#### RECORDS FOR PROCESSING:
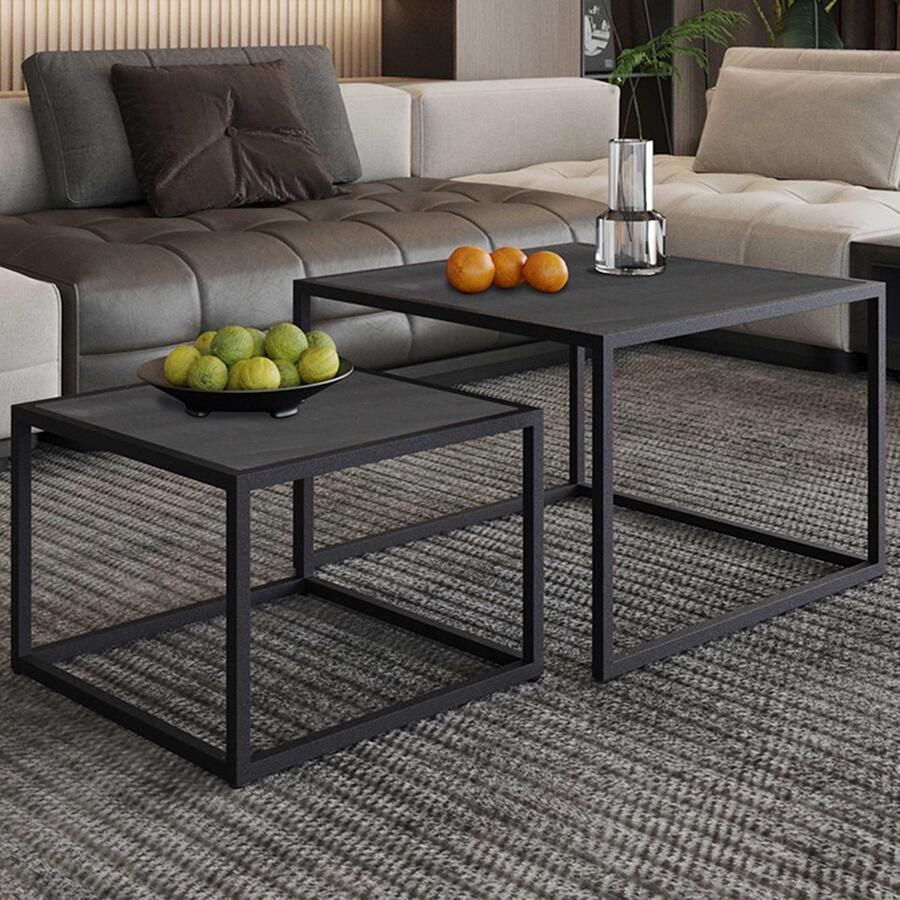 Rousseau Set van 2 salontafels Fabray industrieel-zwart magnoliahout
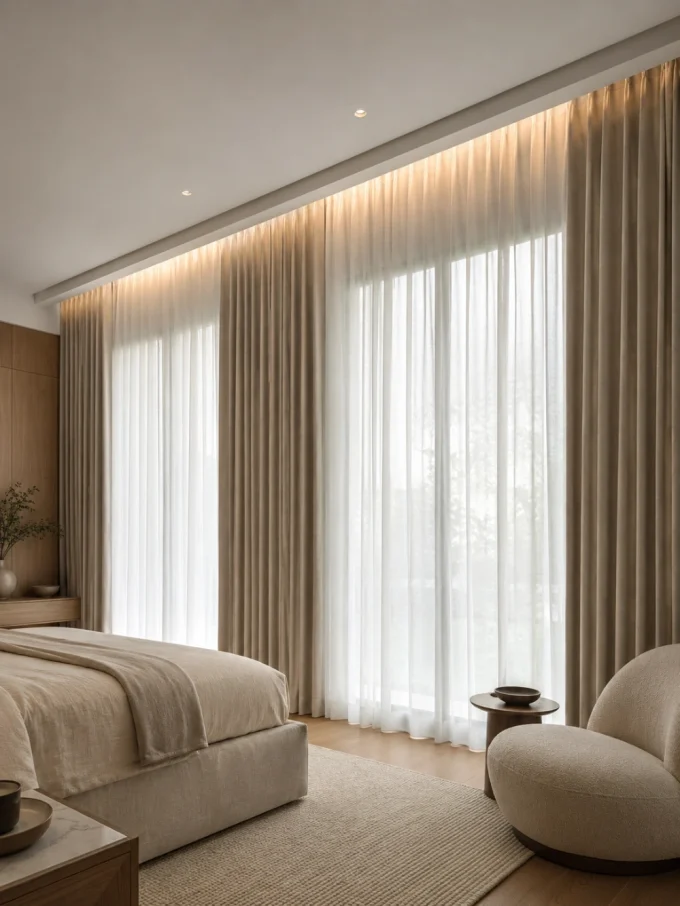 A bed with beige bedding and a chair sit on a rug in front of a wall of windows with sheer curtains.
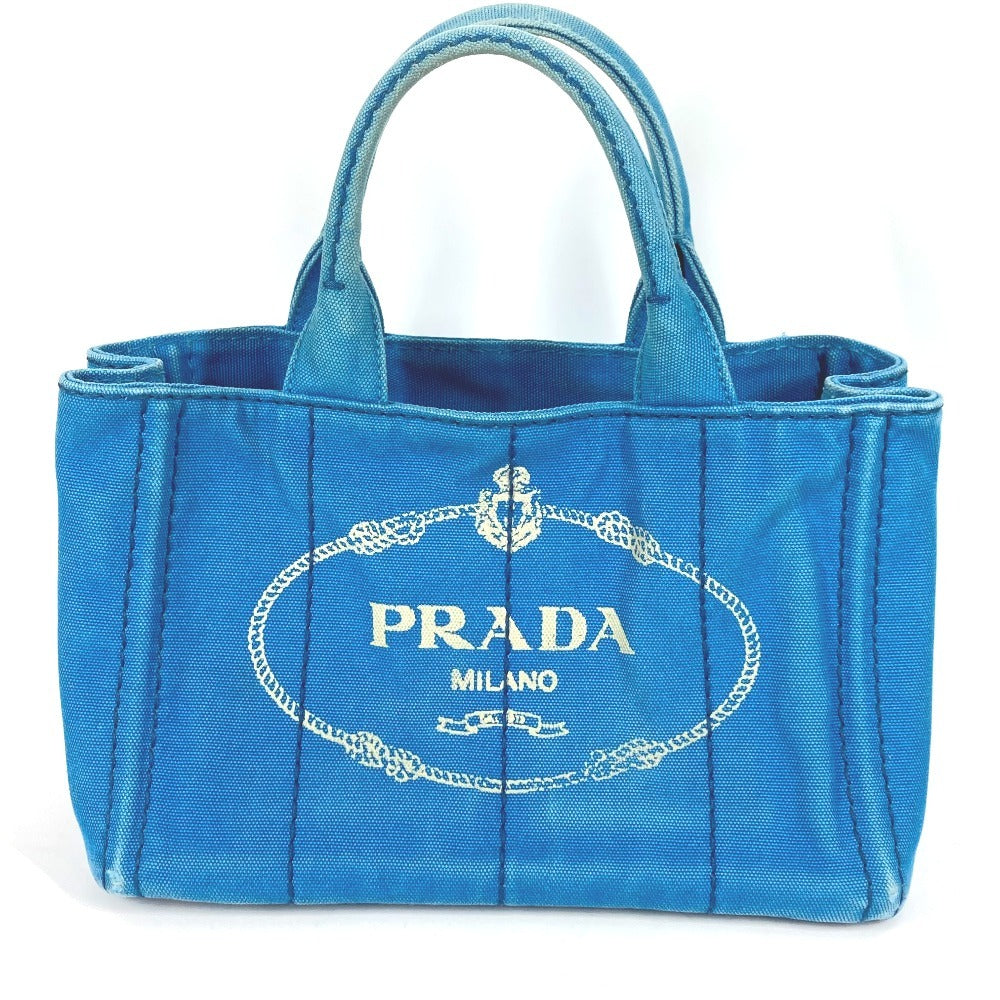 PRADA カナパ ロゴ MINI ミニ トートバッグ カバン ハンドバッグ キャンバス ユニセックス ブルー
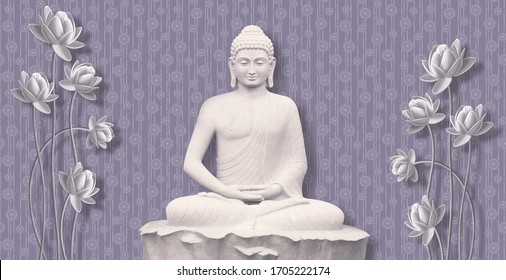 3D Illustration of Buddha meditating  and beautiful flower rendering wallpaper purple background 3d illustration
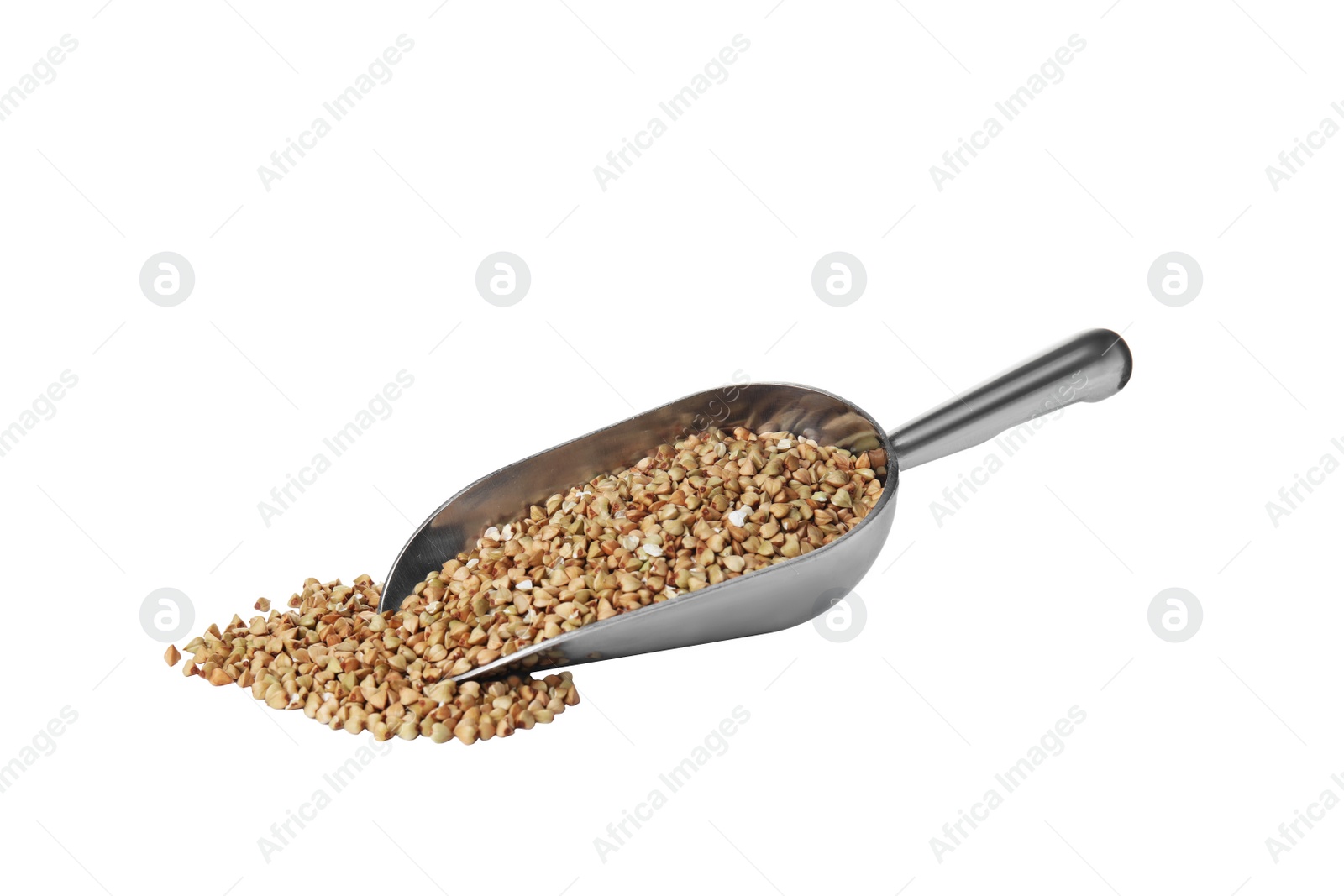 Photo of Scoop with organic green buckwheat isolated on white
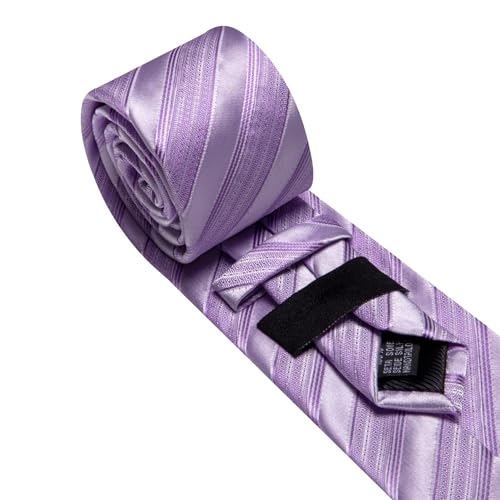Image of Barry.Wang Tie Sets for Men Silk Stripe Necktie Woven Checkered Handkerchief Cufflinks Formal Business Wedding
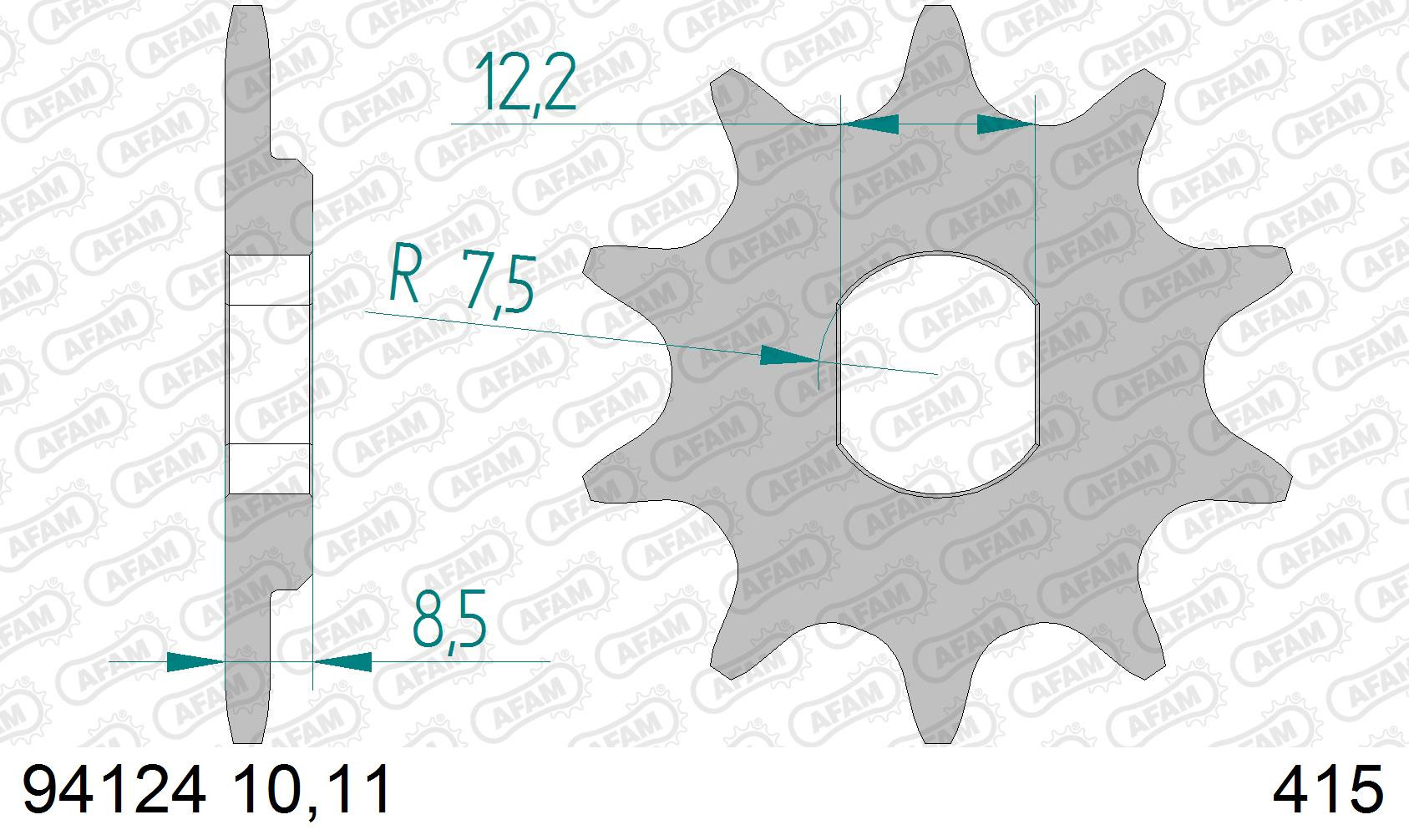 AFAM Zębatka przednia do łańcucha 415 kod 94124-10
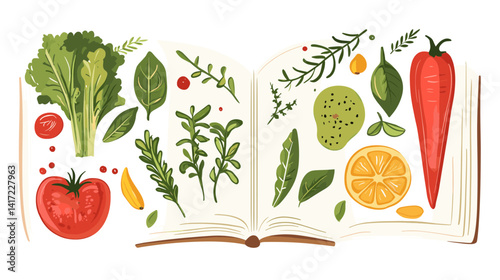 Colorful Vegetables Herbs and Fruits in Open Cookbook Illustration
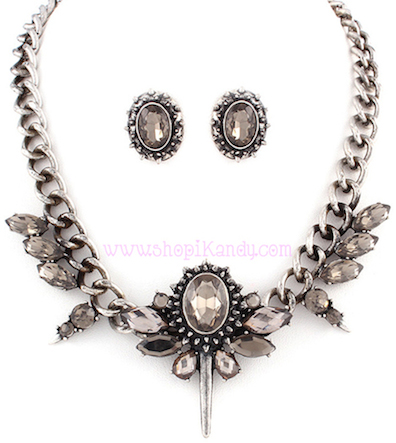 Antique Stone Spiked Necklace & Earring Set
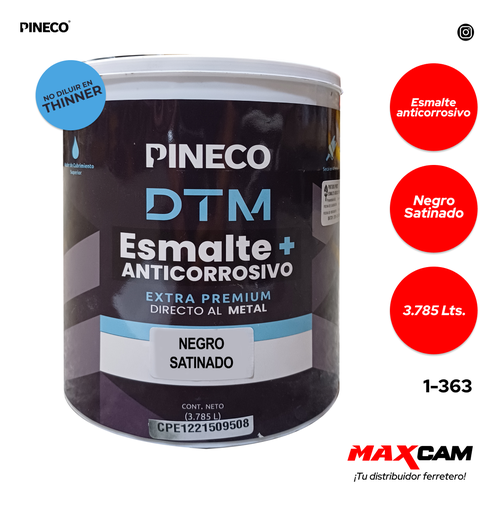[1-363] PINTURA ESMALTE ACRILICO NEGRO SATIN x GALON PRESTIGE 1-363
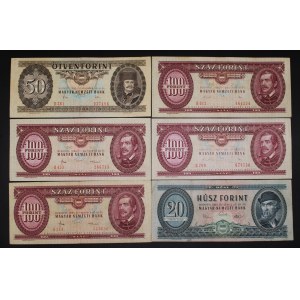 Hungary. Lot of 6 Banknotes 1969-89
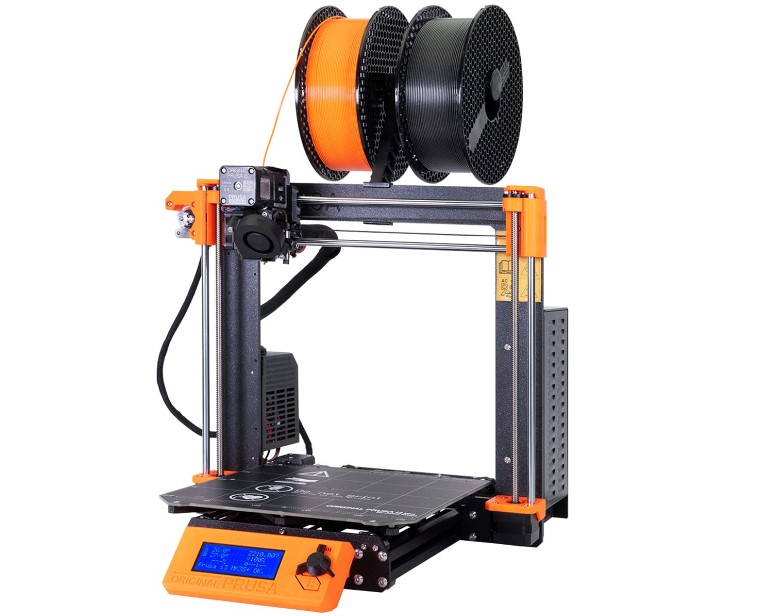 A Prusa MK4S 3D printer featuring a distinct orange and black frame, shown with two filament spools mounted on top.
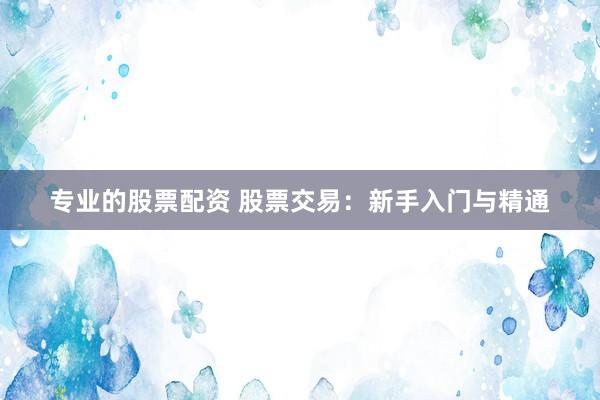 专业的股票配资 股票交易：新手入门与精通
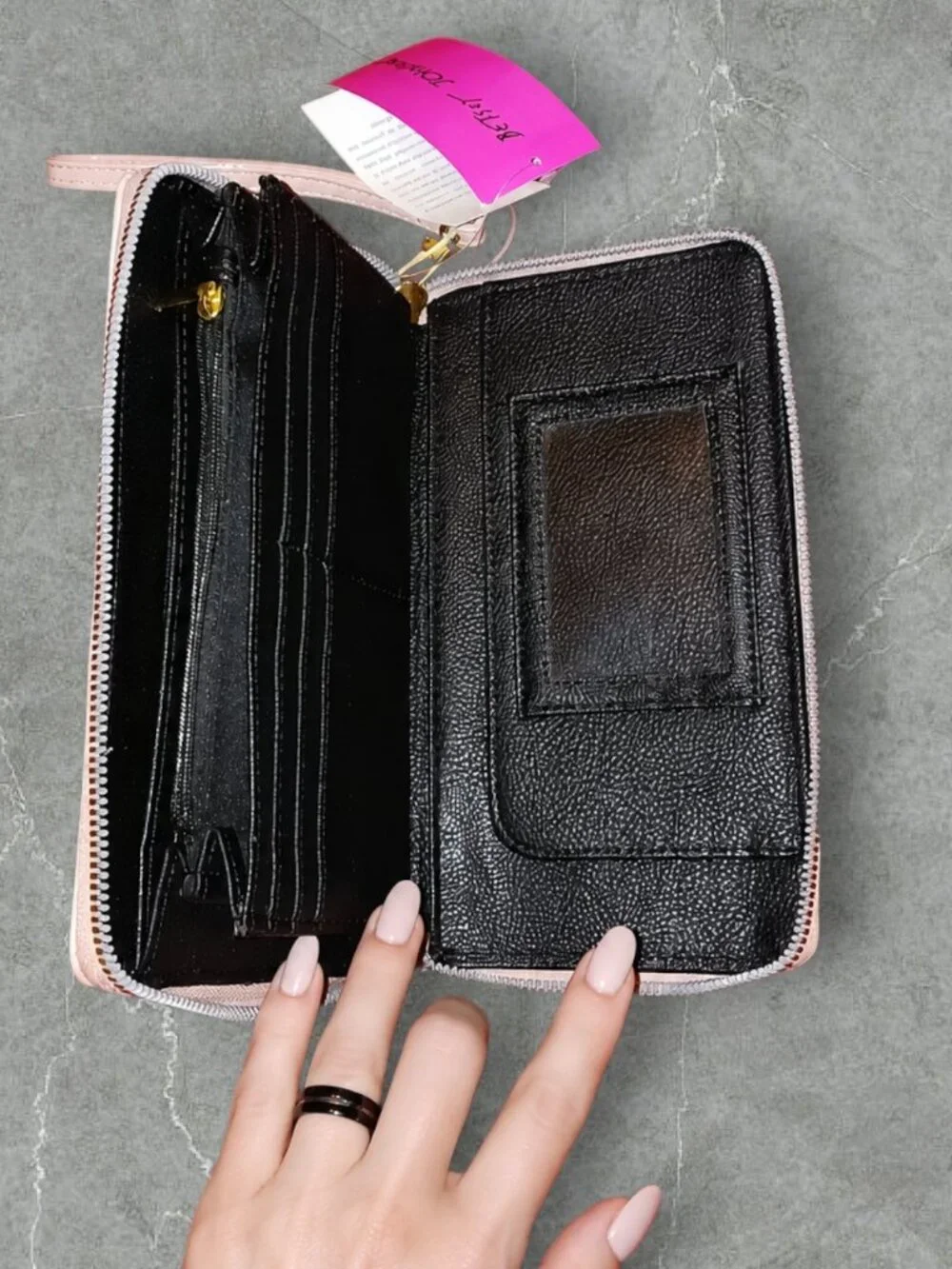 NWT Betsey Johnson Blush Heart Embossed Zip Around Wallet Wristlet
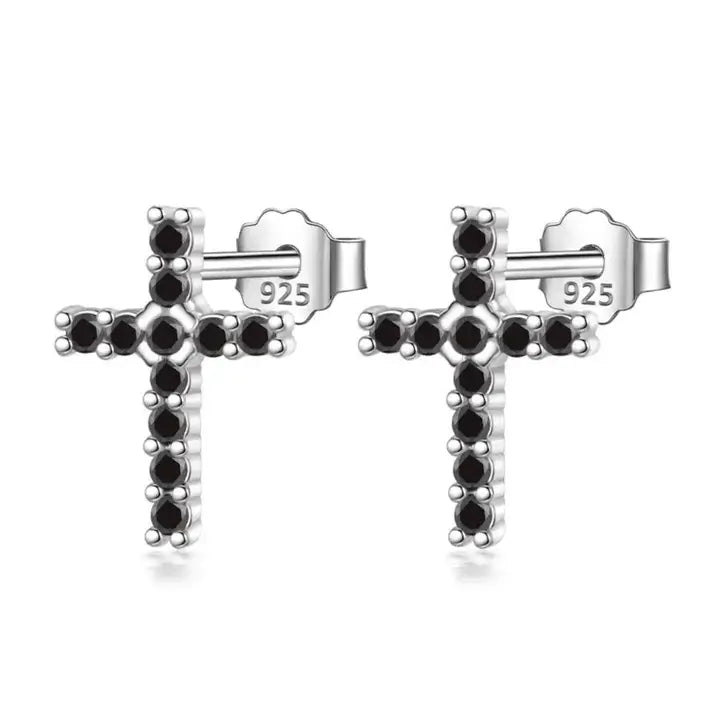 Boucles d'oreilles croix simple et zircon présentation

#### WHAT YOU HAVE TO DO:
Starting at the line that holds "A Prusa MK4S", reproduce each line through the last one of the listing, and nothing more; the pictures stay out.

#### TASK RESULT:
 A Prusa MK4S 3D printer featuring a distinct orange and black frame, shown with two filament spools mounted on top.
 专业的股票配资 股票交易：新手入门与精通
 NWT Betsey Johnson Blush Heart Embossed Zip Around Wallet Wristlet
 Boucles d'oreilles croix simple et zircon présentation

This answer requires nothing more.